Updated

Is technology a better way to keep us from talking and driving? The Insurance Institute for Highway Safety says it could be, while it also cautions that talking-and-driving laws aren't always as effective or durable as legislators think.

In a release issued today, the IIHS says it's studied how drivers react in the long term, to laws banning handheld cellphone use. The insurance industry-funded research group studied drivers in two metro areas where handheld cellphone use has been banned—the District of Columbia, Virginia and Maryland in one group, and New York and Connecticut in the other. In both groups, the IIHS found that handheld cellphone use declined after laws banning their use were enacted.In both groups, however, the IIHS found drivers returned to talking on handheld phones while driving to some degree, in the months after the laws took effect.

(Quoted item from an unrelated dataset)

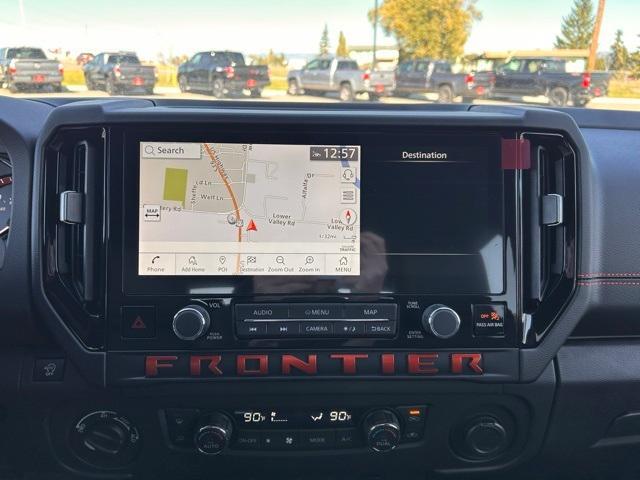 new 2026 Nissan Frontier car, priced at $46,201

In the District of Columbia, a 2004 law against handheld cellphone use was followed by an almost 50-percent decline in usage while driving, and that decline has held steady since, despite more talking and driving in neighboring Maryland and Virginia. But in New York, where handheld phone use has been illegal since 2001 and in nearby Connecticut since 2005, usage dropped by 47 percent and 76 percent, respectively—then began to rise again.

Institute president Adrian Lund confirms that even though the IIHS has observed an overall drop in handheld cellphone use in those areas, the overall effect can't yet be measured in terms of safety. "Many drivers still use their hand-held phones, even where it's banned, and other drivers simply switch to hands-free phones, which doesn't help because crash risk is about the same, regardless of phone type," he said in a release issued today.

The study follows on a national distracted-driving summit by the National Highway Traffic Safety Administration (NHTSA), which opened the debate on federal talking-and-driving laws being proposed. That summit cited a study by the Virginia Tech Transportation Institute that found in preliminary data, a threefold rise in accidents when drivers were dialing a phone, and a measurable increase in risk when talking. Texting, in other studies, could boost the risk to 23 times as high, as operating a vehicle with full attention.

National and state laws may be a growing movement, but patrolling is difficult—and could be the reason for the rebound in cellphone use, even where use has been banned."Police officers can see whether a driver is holding a phone to the ear, but it's going to be much harder to determine if a driver is sending a text message or talking on a hands-free phone," Lund points out. He adds, "Manual dialing and texting seem especially risky, but talking also involves crash risk, and drivers spend more time talking on phones than dialing."

The IIHS' solution may sound effective, but could both some drivers. The insurance group suggests technology that could block cell use while driving. Right now, the big technical hurdle is to allow passengers to talk while riding, while still blocking drivers from using their mobile phones in any way. Even that would leave the driver free to talk to passengers—or listen to entertainment, or eat, all forms of driver distraction that could be even more dangerous than cellphone use and driving.